*Exercise prompt*
Find the word "Image" in the records and copy every line where it occurs.

┏━━

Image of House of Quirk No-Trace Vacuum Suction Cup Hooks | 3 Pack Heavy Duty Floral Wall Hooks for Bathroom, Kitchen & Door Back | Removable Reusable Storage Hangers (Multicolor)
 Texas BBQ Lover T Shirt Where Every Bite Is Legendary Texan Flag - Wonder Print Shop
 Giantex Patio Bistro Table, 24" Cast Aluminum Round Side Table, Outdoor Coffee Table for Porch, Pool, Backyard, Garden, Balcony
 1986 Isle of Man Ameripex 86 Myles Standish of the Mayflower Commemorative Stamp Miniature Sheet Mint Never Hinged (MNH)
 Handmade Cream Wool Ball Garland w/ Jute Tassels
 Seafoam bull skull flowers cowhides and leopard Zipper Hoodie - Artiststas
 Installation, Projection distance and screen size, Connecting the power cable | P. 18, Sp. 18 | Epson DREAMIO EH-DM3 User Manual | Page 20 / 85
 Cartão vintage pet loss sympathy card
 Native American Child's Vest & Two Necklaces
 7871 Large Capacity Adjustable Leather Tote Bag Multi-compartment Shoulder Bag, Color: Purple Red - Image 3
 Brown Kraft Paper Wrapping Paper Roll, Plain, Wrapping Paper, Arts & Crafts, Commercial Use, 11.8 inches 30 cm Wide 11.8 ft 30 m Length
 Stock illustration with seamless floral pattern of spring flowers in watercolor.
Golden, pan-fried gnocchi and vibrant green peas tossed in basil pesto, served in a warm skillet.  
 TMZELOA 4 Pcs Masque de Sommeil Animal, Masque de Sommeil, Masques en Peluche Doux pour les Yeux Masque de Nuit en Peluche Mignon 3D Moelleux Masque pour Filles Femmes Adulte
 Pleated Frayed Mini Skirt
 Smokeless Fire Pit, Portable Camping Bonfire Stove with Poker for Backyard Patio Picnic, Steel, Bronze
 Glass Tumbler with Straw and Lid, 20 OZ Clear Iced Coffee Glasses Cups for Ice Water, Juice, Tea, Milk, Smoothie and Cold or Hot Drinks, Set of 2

┗━━

*Output for this task*
Image of House of Quirk No-Trace Vacuum Suction Cup Hooks | 3 Pack Heavy Duty Floral Wall Hooks for Bathroom, Kitchen & Door Back | Removable Reusable Storage Hangers (Multicolor)
 7871 Large Capacity Adjustable Leather Tote Bag Multi-compartment Shoulder Bag, Color: Purple Red - Image 3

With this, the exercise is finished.